Comme l’article correspondant dans O Estado de Sao Paulo, les rédacteurs de TalCual citent le nom de l’éditeur de Marxist.com, Alan Woods comme l’une des principales influences responsables du déplacement de M. Chavez vers la gauche. L’article, accompagné d’une photo du président Chavez et de moi-même, a été signé par Teodoro Petkoff, l’un des principaux leaders de l’opposition.

Teodoro Petkoff, l’éditeur de TalCual, était un guérillero ; il a ensuite quitté le Parti communiste (PCV) en 1971 sur la question de la Tchécoslovaquie et a entamé un parcours vers la social-démocratie avec la fondation du Mouvement vers le socialisme (MAS). Lors des élections de 1994, le MAS a appuyé l’aile sociale-chrétienne en soutenant le président Caldera, et Petkoff est devenu ministre de son cabinet. Il était chargé de mettre en œuvre l’Agenda Venezuela, c’est à dire de procéder à tous les plans de privatisation et d’appliquer les propositions néo-libérales du FMI. Lorsque le MAS a décidé de soutenir Chavez en 1998, il est parti.

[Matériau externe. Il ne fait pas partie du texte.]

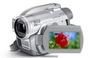 Kamera cyfrowa Panasonic VDR-D300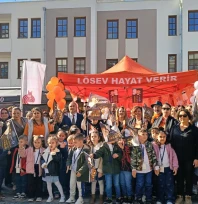'Umut varsa çocuklar iyileşir'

Petkoff est maintenant clairement à droite et soutient ouvertement l’opposition contre-révolutionnaire à Chavez. Lors les élections présidentielles de décembre 2006, il a travaillé en faveur de Manuel Rosales. Il essaie maintenant de se distancier du coup d’Etat d’avril 2002, mais à l’époque il avait écrit un éditorial vicieux dans TalCual ( "Tchao Hugo"), dans laquelle il soutenait clairement le coup en célébrant le renversement de Chavez.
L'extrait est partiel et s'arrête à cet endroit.